Maria Carter was born in 1803, the daughter of George Washington Parke Custis, grandson of Daniel Parke Custis, and a great-granddaughter of Martha Washington. Her mother was an enslaved maid at Mount Vernon named Airy or Arianna Carter. In an interview published decades later, Carter said that Custis had told her "face to face" that he was her father.

Until 1826 Carter worked in Arlington House, the mansion Custis built in Arlington, Virginia. There she met Charles Syphax, an enslaved man who oversaw Arlington House's dining room.
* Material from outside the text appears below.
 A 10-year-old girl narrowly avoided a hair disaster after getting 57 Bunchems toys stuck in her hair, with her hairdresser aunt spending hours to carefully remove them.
Carter and Syphax were married in the parlor of Arlington House in 1826, a privilege not allowed to other slaves Custis owned. That same year Custis manumitted Maria Syphax and her two children and gave her 17 acres of the Arlington estate. Custis freed Charles Syphax by his will in 1857, after his death.

After Custis's death, his daughter Mary Anna Randolph Custis and son-in-law Robert E. Lee owned the Arlington plantation. During the American Civil War, the government seized Lee's property and the Syphax land along with it, as there was no written record of Custis's land transfer. The Freedman's Bureau created Freedman's Village on part of the Syphax property, where newly freed slaves took refuge.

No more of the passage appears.